IL PRIMO SORSO DI BIRRA


Fammi un po' vedere..
Rimangono ancora i detriti fossili di terra, agli angoli del borsone, rintanati fin dall'anno scorso.
La terra sulla mia fida piazzola: non lavo neanche la macchina, figurarsi se mi metto a pulire la piazzola per i calci!
Le scarpe sì, anche se, per scaramanzia, non cambio i laccetti fino a quando non si rompono da soli, anche se sono già in condizioni pietose. Ennio mi ha fatto un gran bel regalo: un sacchetto di tacchetti di ricambio. Molto meglio di un mazzo di fiori, direi.
Pantaloncini dell'Udine Rugby (è una simpatica tradizione: le fidanzate di un giocatore, in allenamento, usano i pantaloncini della squadra del proprio uomo: Rovigo, Parma, Udine).
Calzettoni lisi in punta e sul tallone.
Maglietta scolorita.
Il nastro adesivo bianco ha raccattato dal fondo della tasca ogni cosa si potesse appiccicare: elastici per capelli, le linguette usate delle lenti a contatto, altro nastro adesivo, già usato e appallottolato. Insomma, un blob informe.
Paradenti: nero.. l'ho cambiato, dopo la finale del campionato. Ci ho fatto solo due o tre partite estive e, soprattutto, il raduno bolognese di rugby.it. Nei confronti del paradenti nuovo ho ancora la sensazione di corpo estraneo.
Asciugamanone.
Niente asciugacapelli, che è ancora caldo e mi posso permettere il lusso di uscire dagli spogliatoi con i capelli che stillano ancora gocce sulle spalle. Anzi, è una necessità, visto che lo spogliatoio, in questo periodo, somiglia tanto ad una sauna. Sempre con la doccia fredda, però: questa è una costante estiva ed invernale.
Il bagnoschiuma al mango: che tutte le volte che si apre il tappino, un odore tremendo e dolciastro si spande per tutte le docce, e già le ragazze hanno minacciato più volte di farmelo mangiare, il mio stra*#ç+*!!..tissimo bagnoschiuma al mango. Crema idratante, per lenire il prurito tremendo del mix erba/zanzare/polvere/abrasioni da gioco.
Chiudo la borsa.
Aspetto anche il primo sorso di birra dopo l'allenamento, che ha un sapore tutto speciale.


Sono pronta.

25 agosto, 2008

ZUGLIO, COL BENE CHE TI VOGLIO



 
Quando vado in moto, non riesco a tenermi agli appositi manigliotti a fianco del sedile del passeggero. Per la gioia di Ennio, sto proprio attaccata al pilota, a koala sulla schiena. Peso doppio sulle vertebre. E un fastidioso toc-toc-toc che, ad ogni frenata, fa far cin-cin ai due caschi, con un effetto rimbombante alla testa estremamente fastidioso.

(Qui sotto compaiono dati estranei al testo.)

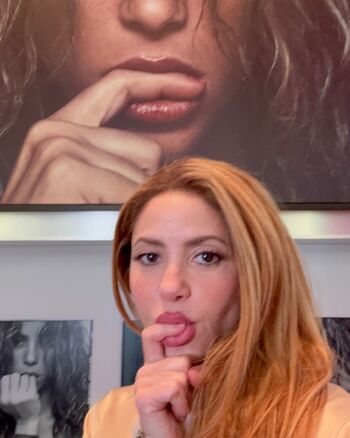 🔥 Shakira  page leaked private photo uncensored full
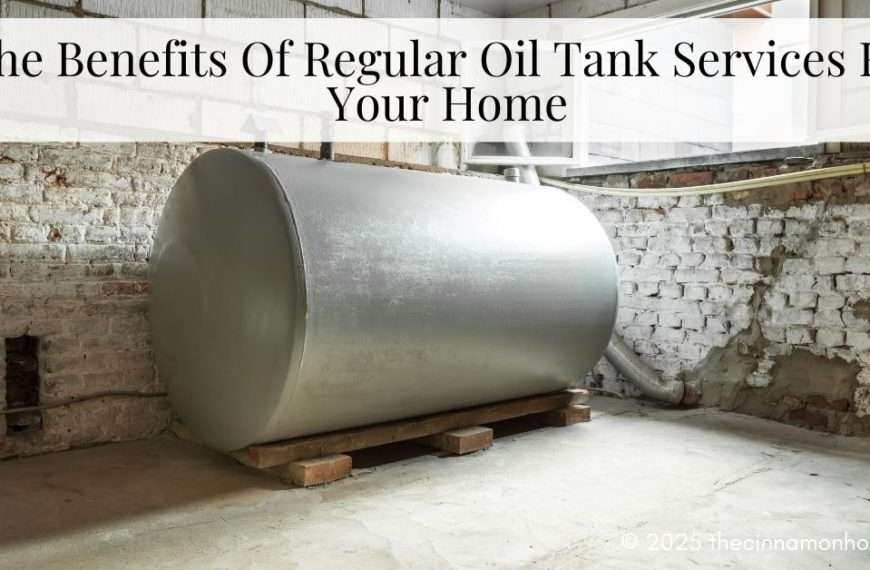 oil tank services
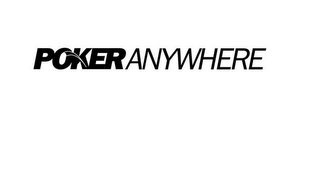 POKERANYWHERE logo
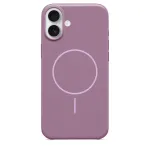 APPLE Beats iPhone 16 Plus Dėklas su MagSafe - Sunset Purple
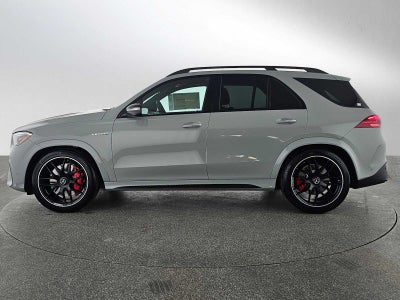 2026 Mercedes-Benz AMG® GLE 63 AMG® GLE 63 S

Io urlo: "Scusaaaaaaa", ad ogni toc, cercando di superare il frastuono del motore e del vento, mentre lui scuote la testa, sconsolato.

Mi piace andare in moto, perché ho tempo per guardarmi intorno. E, dopo un po', il rumore mi fa partire delle canzoni, in testa, dentro il casco: e le canto tutte benissimo, perché la musica affiora dall'apparente caos, e il sottofondo fa sì che anche le stecche siano graziate. Quanta soddisfazione, a cantare dentro il casco! Come quando si canta sotto la doccia. La moto (e la doccia) rendono giustizia agli stonati.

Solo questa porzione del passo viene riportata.